Screenshot via Facebook

Myth #1: Undocumented Immigrants Are Murderers, Rapists, and Drug Dealers

A constant strain in American nativist rhetoric is the claim that undocumented immigrants crossing the Mexican border into the United States comprise a sort of criminal fraternity—a constellation of rapists, baby snatchers, drunk drivers, dog killers, and throat-cutters eager to find their way to a leafy "sanctuary city" where they can shoot mailmen and firebomb nursing homes with impunity. In the hands of nativists, several high-profile crimes committed by undocumented immigrants have coalesced into an all-out assault.

Most of the nativist right—with some significant exceptions—doesn't want to talk about race outright, so instead they talk about crime, about how dangerous the Mexicans and Central Americans fleeing desperate poverty are, about how there's no difference between narco-gangsters and economic migrants.
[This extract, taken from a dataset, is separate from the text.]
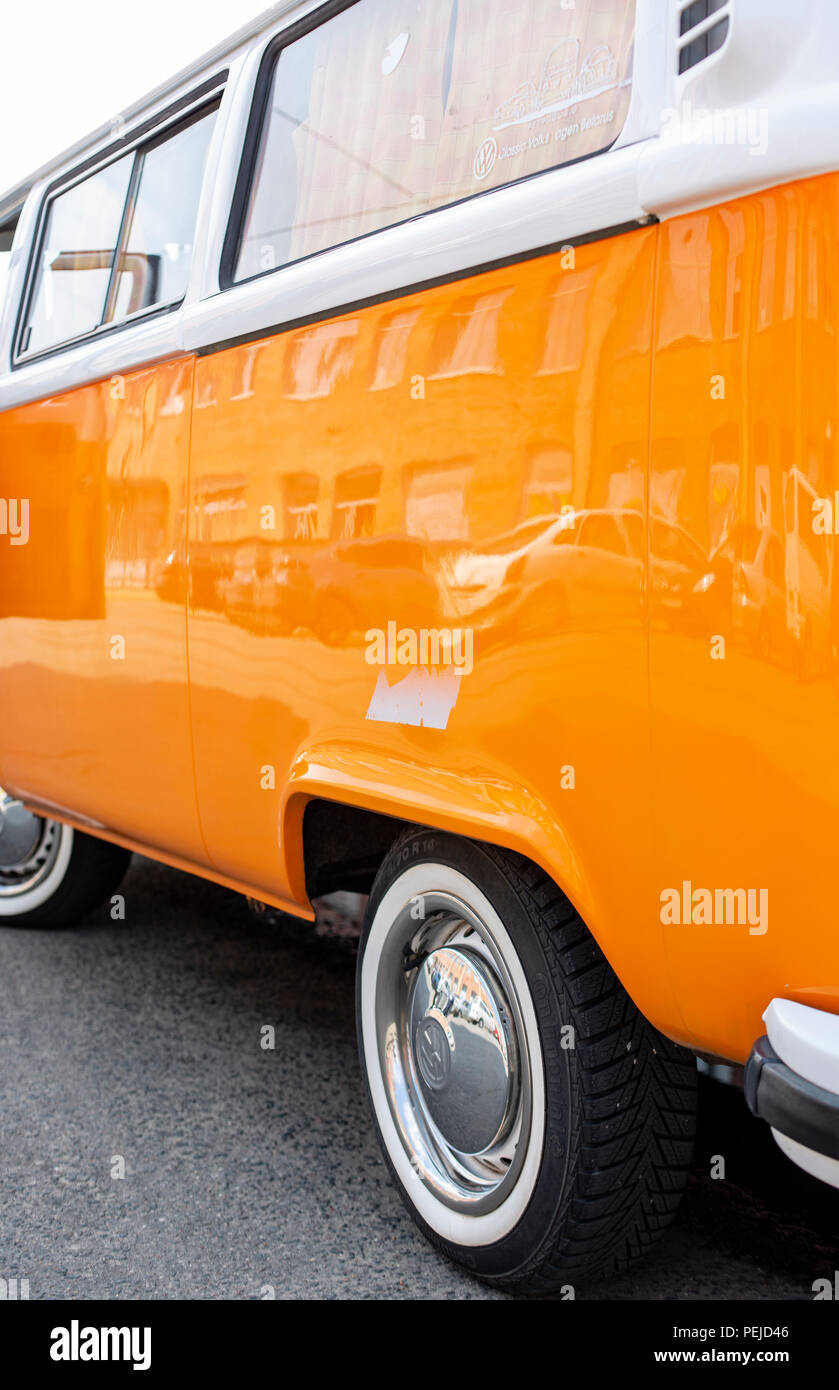 Minsk, Weißrussland, 14. August 2018 - Orange VW Typ 2 VW T2 auf der Straße geparkt, da der Transporter, Kombi oder Kleinbus, Bus oder Wohnmobil panel bekannt Stockfoto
That's how you get racist Facebook groups entertaining their followers with the simple charms of badly photoshopped moonlit border fences.

There are, of course, some minor issues with the theory of a Latino crime wave sweeping north; for instance, it's not true. To wit: According to the Wall Street Journal—no pinko leftie rag—"numerous studies going back more than a century have shown that immigrants—regardless of nationality or legal status—are less likely than the native population to commit violent crimes or to be incarcerated." The national crime rate has dropped by nearly half since 1990, even as the undocumented population in America tripled.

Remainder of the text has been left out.